Writing in City Journal, Kay Hymonwitz tells us that "our social nature makes nearly everything—from behavior to viruses—contagious." Social change - both positive and negative - operates, she says, more or less like the coronavirus! Hymonwitz' article is titled, "The Human Network," and here is how she kicks it off:
In 2013, an article appeared in the journal Social Forces with a striking title: “Breaking Up Is Hard to Do, Unless Everyone Else Is.” The authors, social scientists Rose McDermott, James Fowler, and Nicholas Christakis, had been studying how social phenomena spread. A professor at Brown, McDermott had noticed when going through a divorce that several couples whom she knew had also announced splits. Could this be more than coincidence? The authors set out to explore that question, using a data set of 5,000 people over a period of 32 years, from the famous Framingham Heart Study.What they found seemed implausible: divorce is, well, contagious. It had been known for a long time that divorce “runs in families”—that is, divorced men and women are more likely to have parents who divorced, too.
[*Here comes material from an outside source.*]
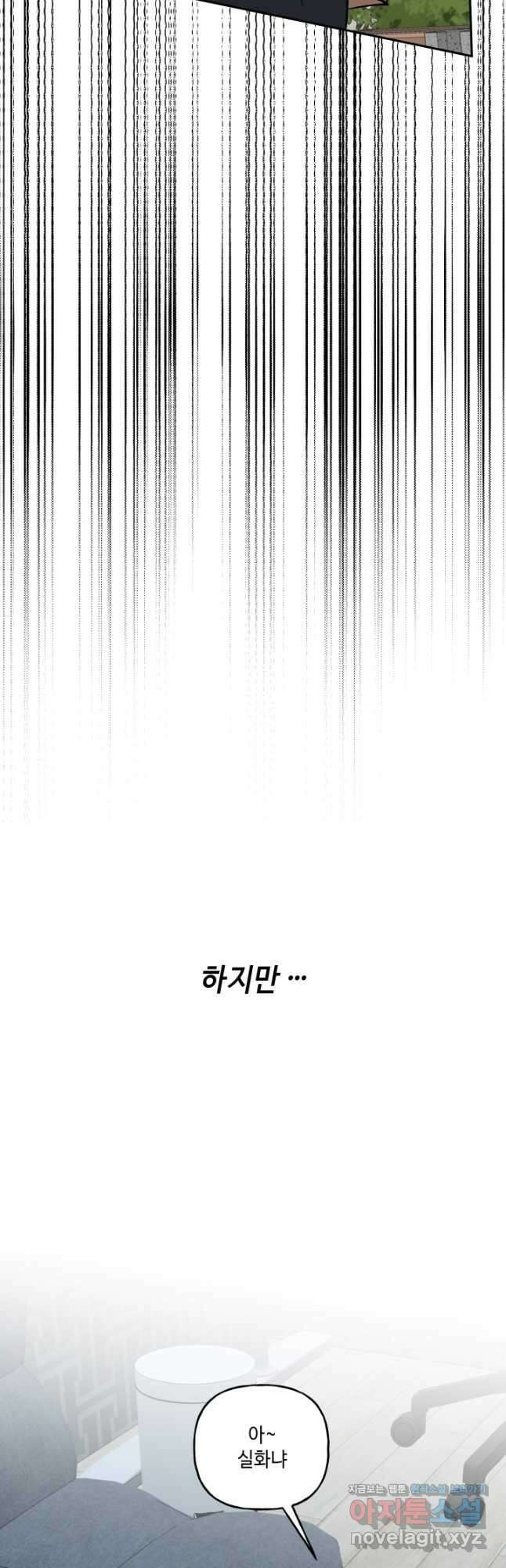 어른이 90화 5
But these new results suggested that you can “catch” divorce, almost as you would the coronavirus. As with all viruses, when someone near us sneezes or coughs, we may not see the microbes that spread the nasty pathogen, but we know that they exist. Divorce contagion can’t be explained by a microorganism, yet McDermott and her coauthors stipulate that if your close friends divorce, your own chances of divorcing go up, and not by a little: by a full 75 percent. In fact, even if friends of your friends divorce, your chances of splitting rise, though to a lesser degree (33 percent). It doesn’t matter if those friends live in another state, or even another country. In a globalized, Facebook-connected world, the divorce “bug” easily moves across oceans (emphasis added).
That book I mentioned not long ago, The Patterning Instinct, a book that George Monbiot says "is the most profound and far-reaching book I've ever read," says pretty much the same thing. While author Jeremy Lent doesn't really focus on the "contagion" metaphor, Lent joins Hymonwitz in saying that our globalized, internet-connected world now allows rapid and profound changes to occur in ways that are unprecedented in history. When I last wrote about The Patterning Instinct, posting my thoughts on February 25th, I was only halfway through Lent's book. Now, I have finished it, and I have found the following statements, which appear right near the end of the book, to provide some hope for what's ahead:
Metcalfe's law...states that the usefulness of a network grows exponentially when its connections grow arithmetically. In this way, the collective actions of small groups of individuals can potentially become a global force to countervail the massive corporate networks that currently dominate global civilization. Globalization, which is frequently decried as a force for exploitation, could thus turn out to be a boon for the human race. The global culture emerging from the internet offers humans a view of itself as an interconnected whole....
When the time comes, the transformation of global consciousness could occur at a speed that might surprise everyone... All of a sudden, the gradual shift in ideas becomes an avalanche when those who are most comfortable sticking together find themselves in a rush to join in the new way of thinking... The number of people required to create that tipping point is surprisingly small, if they're truly committed to the new paradigm. Political scientists have...discovered that no campaign failed once it achieved the active and sustained participation of jut 3.5 percent of the population. This finding gives scientific backing to the inspiring words of Margaret Mead: "Never deny the power of a small group of committed individuals to change the world. Indeed that is the only thing that ever has."
In 2010, the year I began making daily postings to this blog, I asked this question: "Are We Supersaturated Yet?" I was writing about the supersaturation phenomenon as a metaphor for the possibility of rapid social, political, and economic change. I have written about the phenomenon on other occasions, too:
The supersaturation phenomenon suggests, at least metaphorically, that what Lent says is correct. Genuine and significant change can occur much more quickly than we might guess. For those who despair that it will be possible to change our "patterns" in time to save human civilization, and to forestall the imminent mass extinction event in which we find ourselves, there is some real hope that things can (and do) change quite rapidly, when the conditions are right.
But that kind of rapid and substantial change doesn't happen automatically. As I said in a response to a comment that I received to my October 20. 2010 posting, once we have achieved a "supersaturated" state, some DISTURBANCE is required to precipitate the rapid change that defines the phenomenon.
That disturbance, precipitating out new patterns of existence, must come from us. A small number will do it... but they have to be committed.
That's the formula to change the world.